• Your instructions: Please return only the lines from the one holding "YANG-PARIS - Light" through the one holding "Image of Women", exactly as they appear in the records below, both ends included.

• Records supplied:
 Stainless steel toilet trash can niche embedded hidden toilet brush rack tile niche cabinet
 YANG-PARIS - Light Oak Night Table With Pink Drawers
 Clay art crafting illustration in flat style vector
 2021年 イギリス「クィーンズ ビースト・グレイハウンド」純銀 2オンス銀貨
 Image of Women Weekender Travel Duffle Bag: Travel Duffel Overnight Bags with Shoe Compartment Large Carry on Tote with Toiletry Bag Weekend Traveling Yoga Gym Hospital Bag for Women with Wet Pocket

--

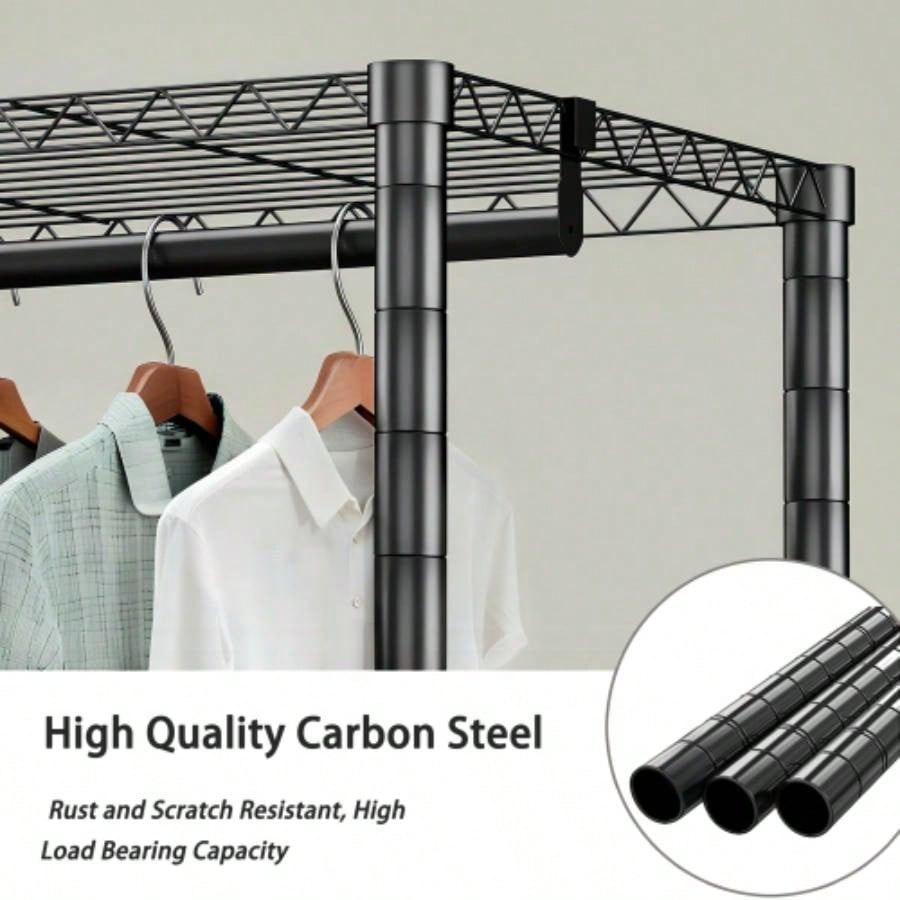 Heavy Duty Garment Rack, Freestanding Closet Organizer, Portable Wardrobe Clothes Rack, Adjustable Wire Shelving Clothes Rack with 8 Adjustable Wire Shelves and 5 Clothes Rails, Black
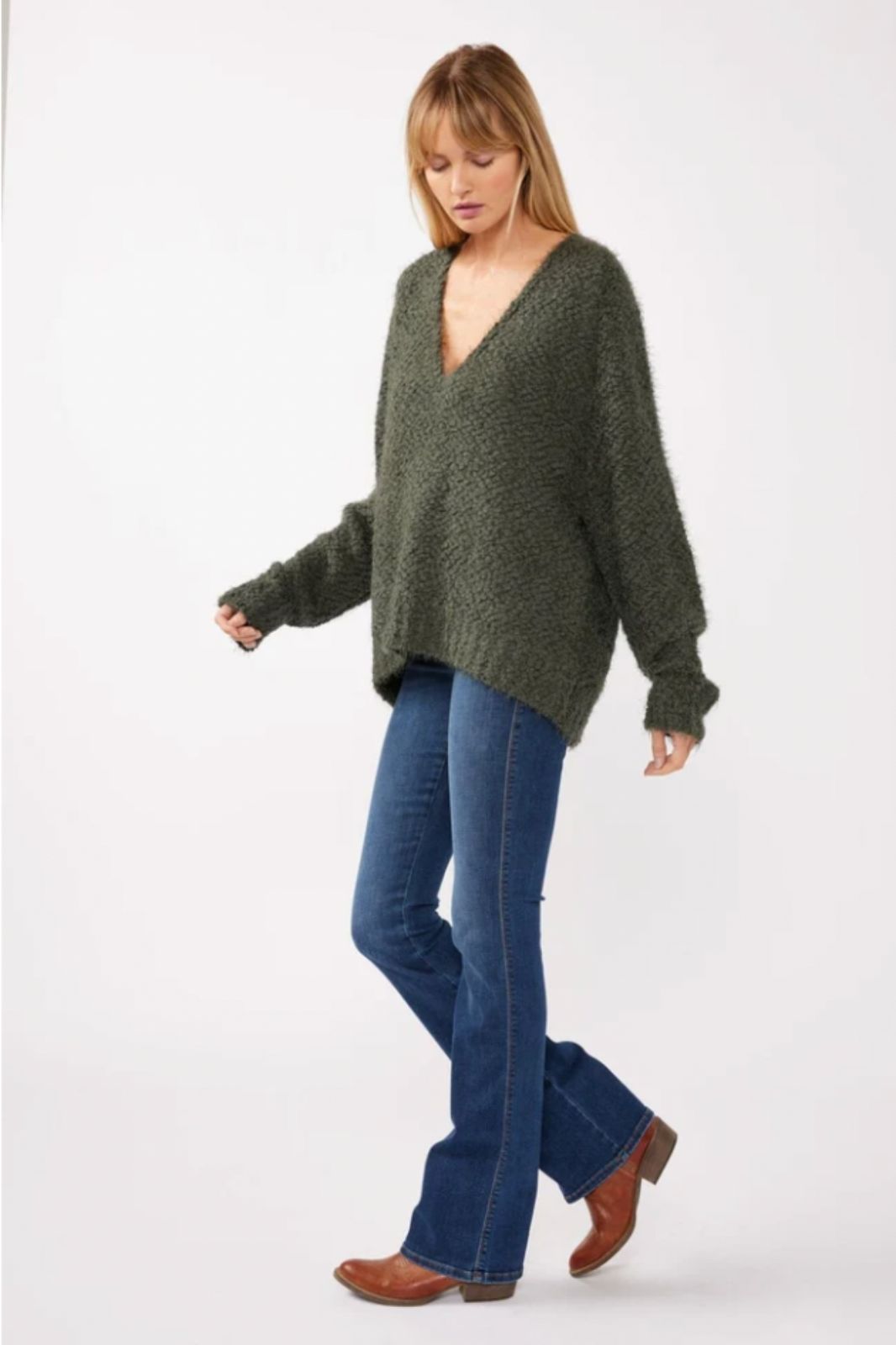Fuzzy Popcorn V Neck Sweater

• Answer space:
 YANG-PARIS - Light Oak Night Table With Pink Drawers
 Clay art crafting illustration in flat style vector
 2021年 イギリス「クィーンズ ビースト・グレイハウンド」純銀 2オンス銀貨
 Image of Women Weekender Travel Duffle Bag: Travel Duffel Overnight Bags with Shoe Compartment Large Carry on Tote with Toiletry Bag Weekend Traveling Yoga Gym Hospital Bag for Women with Wet Pocket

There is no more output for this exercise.